Chez les chimpanzés, les nouvelles techniques se transmettent au sein de la famille. C’est la principale découverte de Noémie Lamon, doctorante au Laboratoire de cognition comparée de l’Université de Neuchâtel, à l’issue d’une étude sur l’utilisation de nouveaux outils dans une communauté de chimpanzés sauvages en Ouganda. Ses résultats sont publiés dans la revue Science Advances.

Vidéo: Noémie Lamon


Les chimpanzés sont connus pour leur capacité à manier des outils pour se nourrir, se nettoyer ou communiquer.

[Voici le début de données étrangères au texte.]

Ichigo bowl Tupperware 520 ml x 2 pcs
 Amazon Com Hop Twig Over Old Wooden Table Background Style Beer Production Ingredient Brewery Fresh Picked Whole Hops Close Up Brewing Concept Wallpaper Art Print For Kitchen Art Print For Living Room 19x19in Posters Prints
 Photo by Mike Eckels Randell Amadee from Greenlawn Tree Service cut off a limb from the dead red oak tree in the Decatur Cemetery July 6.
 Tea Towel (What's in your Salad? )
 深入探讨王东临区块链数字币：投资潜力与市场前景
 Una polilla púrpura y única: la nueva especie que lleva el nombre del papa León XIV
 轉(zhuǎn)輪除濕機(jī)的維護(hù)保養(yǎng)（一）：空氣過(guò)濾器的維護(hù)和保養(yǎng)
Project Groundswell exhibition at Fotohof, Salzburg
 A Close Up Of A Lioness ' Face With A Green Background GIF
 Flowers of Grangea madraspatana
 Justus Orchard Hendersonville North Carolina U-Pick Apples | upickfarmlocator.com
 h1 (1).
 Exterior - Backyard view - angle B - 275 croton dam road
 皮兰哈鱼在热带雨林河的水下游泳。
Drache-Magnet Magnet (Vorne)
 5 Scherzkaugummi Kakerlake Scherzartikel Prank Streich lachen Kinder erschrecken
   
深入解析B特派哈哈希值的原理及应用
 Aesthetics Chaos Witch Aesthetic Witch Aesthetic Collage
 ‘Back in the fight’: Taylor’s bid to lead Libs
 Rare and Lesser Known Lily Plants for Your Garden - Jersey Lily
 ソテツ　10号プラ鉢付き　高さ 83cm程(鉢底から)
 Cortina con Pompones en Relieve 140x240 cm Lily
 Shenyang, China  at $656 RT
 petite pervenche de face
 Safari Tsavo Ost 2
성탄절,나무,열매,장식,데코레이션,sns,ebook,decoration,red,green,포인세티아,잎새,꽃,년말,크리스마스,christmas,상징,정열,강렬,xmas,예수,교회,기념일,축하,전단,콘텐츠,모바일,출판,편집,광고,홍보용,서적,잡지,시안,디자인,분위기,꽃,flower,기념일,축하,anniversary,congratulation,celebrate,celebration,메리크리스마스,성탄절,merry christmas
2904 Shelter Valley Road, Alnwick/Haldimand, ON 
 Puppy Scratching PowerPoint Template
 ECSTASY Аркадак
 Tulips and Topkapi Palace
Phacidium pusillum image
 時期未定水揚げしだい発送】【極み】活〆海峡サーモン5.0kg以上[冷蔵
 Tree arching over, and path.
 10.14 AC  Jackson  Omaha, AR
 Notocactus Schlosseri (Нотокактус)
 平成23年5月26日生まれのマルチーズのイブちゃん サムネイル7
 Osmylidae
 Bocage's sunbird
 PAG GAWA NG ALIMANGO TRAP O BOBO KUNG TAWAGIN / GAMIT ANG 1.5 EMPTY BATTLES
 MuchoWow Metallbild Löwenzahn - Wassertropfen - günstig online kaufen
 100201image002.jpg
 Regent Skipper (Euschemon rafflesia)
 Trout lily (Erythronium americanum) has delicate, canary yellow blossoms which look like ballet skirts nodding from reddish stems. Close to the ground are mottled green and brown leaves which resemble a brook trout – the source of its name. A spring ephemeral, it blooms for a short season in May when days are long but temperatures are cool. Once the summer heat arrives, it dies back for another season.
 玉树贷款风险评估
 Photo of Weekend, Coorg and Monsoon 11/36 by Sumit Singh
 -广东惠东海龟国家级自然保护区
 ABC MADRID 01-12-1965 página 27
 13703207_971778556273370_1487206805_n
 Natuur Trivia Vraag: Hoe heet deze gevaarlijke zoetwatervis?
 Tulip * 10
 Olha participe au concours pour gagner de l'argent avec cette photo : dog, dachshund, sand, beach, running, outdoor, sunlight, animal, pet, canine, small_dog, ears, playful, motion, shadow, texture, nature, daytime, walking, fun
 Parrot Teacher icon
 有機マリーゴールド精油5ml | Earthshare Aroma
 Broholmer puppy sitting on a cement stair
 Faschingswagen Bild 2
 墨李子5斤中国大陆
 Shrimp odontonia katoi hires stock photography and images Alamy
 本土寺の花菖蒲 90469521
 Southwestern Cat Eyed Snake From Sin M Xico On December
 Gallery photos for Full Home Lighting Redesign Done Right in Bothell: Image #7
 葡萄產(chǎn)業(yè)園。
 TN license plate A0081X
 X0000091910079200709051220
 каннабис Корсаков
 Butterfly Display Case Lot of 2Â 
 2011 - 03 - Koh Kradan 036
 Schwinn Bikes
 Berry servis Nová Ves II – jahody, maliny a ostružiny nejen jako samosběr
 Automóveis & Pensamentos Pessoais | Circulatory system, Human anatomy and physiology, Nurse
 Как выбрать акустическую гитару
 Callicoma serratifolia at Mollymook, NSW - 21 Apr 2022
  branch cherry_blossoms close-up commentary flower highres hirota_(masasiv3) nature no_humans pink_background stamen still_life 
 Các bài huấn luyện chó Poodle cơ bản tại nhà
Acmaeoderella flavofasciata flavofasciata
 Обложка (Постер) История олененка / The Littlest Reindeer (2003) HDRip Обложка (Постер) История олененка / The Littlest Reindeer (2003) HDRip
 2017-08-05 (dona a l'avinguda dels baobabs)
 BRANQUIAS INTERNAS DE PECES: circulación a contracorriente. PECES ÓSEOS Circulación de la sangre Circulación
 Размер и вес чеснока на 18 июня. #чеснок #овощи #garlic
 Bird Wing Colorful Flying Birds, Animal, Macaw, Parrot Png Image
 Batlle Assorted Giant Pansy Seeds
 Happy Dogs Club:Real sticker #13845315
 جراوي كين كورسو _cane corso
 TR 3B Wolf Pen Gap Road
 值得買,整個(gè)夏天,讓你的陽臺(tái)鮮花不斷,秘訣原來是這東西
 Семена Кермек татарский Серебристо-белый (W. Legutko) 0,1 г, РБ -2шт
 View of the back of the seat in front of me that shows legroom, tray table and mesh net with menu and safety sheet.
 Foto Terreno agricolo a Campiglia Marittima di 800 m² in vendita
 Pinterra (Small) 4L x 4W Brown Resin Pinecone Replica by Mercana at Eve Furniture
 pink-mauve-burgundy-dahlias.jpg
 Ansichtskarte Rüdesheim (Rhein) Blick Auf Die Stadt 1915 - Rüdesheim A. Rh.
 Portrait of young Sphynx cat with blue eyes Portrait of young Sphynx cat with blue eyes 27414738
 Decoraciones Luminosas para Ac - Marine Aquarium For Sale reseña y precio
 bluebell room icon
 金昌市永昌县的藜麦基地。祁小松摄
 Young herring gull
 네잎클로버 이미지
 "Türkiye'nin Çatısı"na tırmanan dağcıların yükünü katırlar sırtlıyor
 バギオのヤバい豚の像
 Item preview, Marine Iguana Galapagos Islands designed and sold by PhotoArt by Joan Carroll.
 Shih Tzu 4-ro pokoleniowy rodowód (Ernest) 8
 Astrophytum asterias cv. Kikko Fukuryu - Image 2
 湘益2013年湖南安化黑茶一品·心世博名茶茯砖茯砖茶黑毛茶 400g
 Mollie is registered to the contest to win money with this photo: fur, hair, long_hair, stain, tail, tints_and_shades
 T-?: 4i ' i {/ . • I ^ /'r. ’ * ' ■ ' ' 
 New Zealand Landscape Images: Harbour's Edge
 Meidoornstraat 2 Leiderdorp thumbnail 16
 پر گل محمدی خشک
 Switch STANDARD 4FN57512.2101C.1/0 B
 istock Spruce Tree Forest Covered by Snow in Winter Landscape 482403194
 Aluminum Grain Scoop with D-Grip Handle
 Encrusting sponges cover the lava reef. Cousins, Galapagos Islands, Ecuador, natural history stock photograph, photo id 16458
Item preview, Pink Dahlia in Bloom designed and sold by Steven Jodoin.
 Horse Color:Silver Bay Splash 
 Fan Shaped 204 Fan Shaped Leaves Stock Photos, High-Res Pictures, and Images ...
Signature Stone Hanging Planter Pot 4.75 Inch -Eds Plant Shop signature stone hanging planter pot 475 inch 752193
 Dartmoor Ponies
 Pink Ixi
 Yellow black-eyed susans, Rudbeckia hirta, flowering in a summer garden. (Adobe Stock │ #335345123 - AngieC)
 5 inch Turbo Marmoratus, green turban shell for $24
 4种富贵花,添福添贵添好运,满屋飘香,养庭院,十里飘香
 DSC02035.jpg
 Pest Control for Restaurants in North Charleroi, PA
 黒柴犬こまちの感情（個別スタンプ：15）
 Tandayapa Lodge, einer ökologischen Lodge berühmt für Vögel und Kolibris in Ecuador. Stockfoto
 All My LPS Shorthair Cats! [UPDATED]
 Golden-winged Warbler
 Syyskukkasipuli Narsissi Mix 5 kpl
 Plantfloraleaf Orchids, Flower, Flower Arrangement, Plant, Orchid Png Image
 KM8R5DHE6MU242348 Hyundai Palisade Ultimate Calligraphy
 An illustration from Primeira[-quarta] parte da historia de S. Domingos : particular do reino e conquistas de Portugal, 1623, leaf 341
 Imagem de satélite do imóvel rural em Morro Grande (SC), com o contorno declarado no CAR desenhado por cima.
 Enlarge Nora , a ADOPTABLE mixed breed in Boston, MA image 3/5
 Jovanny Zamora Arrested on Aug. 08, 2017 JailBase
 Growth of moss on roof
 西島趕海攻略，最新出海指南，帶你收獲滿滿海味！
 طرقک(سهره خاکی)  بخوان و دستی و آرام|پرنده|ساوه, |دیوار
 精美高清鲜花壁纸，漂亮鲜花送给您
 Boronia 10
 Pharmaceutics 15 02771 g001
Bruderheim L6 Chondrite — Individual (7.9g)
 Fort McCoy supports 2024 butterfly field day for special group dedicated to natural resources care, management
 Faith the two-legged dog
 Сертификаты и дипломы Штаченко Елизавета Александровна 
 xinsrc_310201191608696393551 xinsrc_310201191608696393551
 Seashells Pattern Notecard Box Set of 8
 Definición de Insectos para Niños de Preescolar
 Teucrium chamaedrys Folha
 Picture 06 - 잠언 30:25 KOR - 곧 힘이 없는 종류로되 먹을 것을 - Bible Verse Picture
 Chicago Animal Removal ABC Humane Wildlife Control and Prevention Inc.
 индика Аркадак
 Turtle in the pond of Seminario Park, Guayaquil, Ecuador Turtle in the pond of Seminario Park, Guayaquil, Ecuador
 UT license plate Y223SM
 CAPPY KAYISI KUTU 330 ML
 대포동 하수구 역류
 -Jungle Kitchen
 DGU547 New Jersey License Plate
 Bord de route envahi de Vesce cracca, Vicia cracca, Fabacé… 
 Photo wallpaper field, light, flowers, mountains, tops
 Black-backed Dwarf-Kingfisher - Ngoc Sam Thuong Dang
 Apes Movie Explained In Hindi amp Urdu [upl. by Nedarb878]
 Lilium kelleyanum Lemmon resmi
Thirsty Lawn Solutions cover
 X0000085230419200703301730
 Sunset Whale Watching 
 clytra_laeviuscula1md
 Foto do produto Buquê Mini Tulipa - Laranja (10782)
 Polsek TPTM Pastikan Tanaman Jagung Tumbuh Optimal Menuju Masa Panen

A l’image de cailloux utilisés comme marteau et enclume pour casser des noix, certains comportements sont considérés comme culturels dans le sens où seules quelques communautés de chimpanzés en Afrique les possèdent, alors que d’autres non, sans aucune raison écologique ou génétique. En outre, ces comportements se transmettent au sein de la communauté de manière sociale, principalement par l’observation et l’imitation.

Les chimpanzés manient fréquemment des éponges fabriquées à partir de feuilles pliées, et quelquefois mâchées dans la bouche, puis trempées dans une rivière ou dans des trous d’arbre contenant de l’eau de pluie. Mais en 2011, des chercheurs ont remarqué que huit individus de la communauté Sonso prenaient de la mousse au lieu de feuilles et que ce comportement se transmettait socialement. De plus, le site où s’est développée cette nouvelle technique est particulier: il s’agit de deux trous situés dans un sol argileux riche en sels minéraux, souvent fréquentés par les chimpanzés. Mais quand la Valaisanne Noémie Lamon est arrivée sur le terrain en 2012, plus aucun individu ne semblait utiliser de mousse comme éponge. Elle s’est alors demandé si ce savoir persistait à l’état latent.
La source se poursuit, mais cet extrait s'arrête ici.